Dataset content —
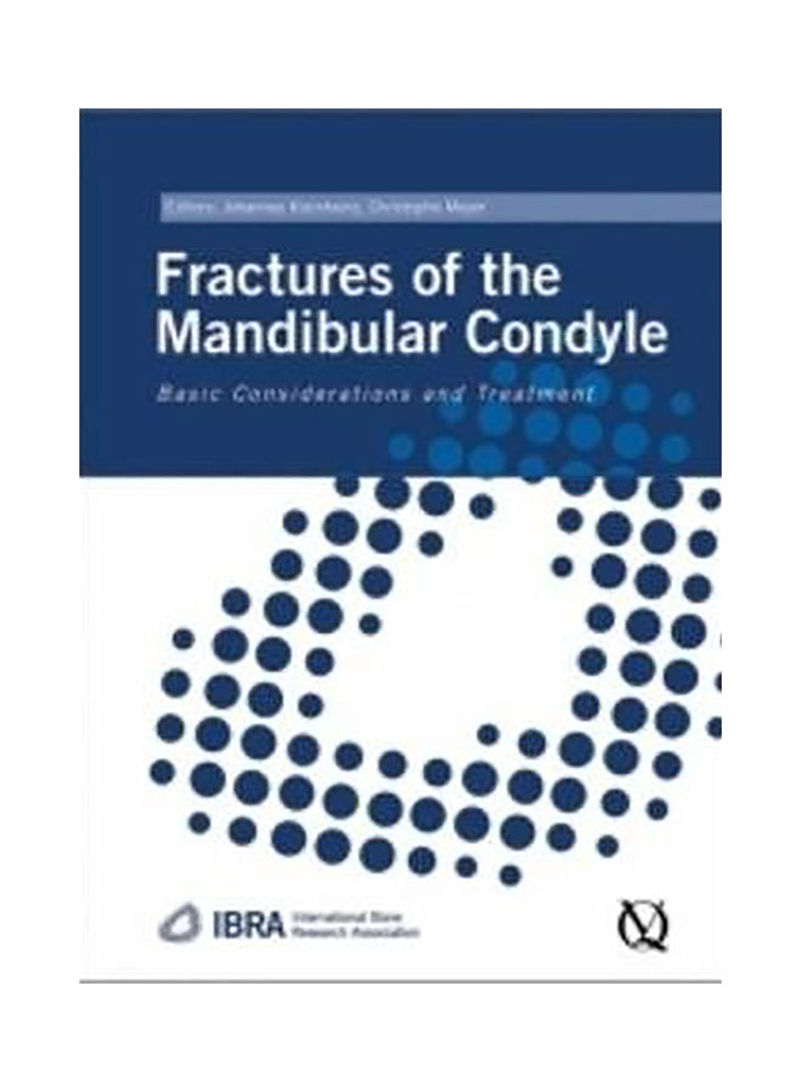 Fractures Of The Mandibular Condyle Hardcover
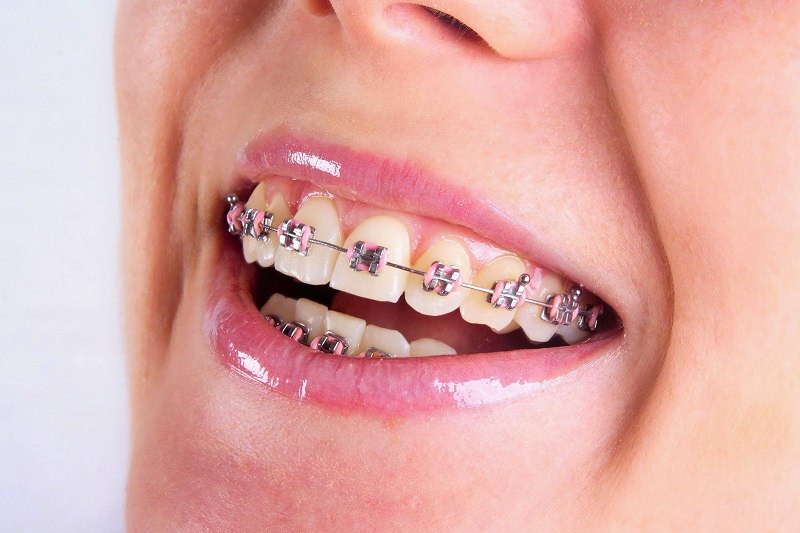 Niềng răng mắc cài kim loại giúp bạn sớm sở hữu nụ cười rạng rỡ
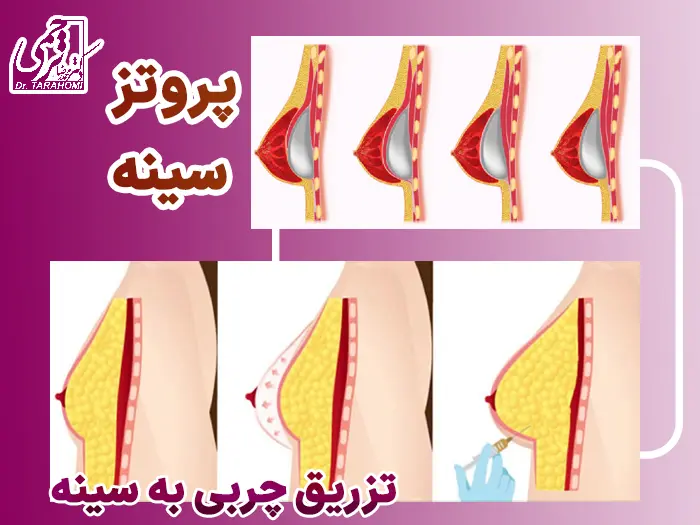 مقایسه پروتز و تزریق چربی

What this task involves — Return the listing unchanged, but drop every picture.

Exercise output —
 Fractures Of The Mandibular Condyle Hardcover
 Niềng răng mắc cài kim loại giúp bạn sớm sở hữu nụ cười rạng rỡ
 مقایسه پروتز و تزریق چربی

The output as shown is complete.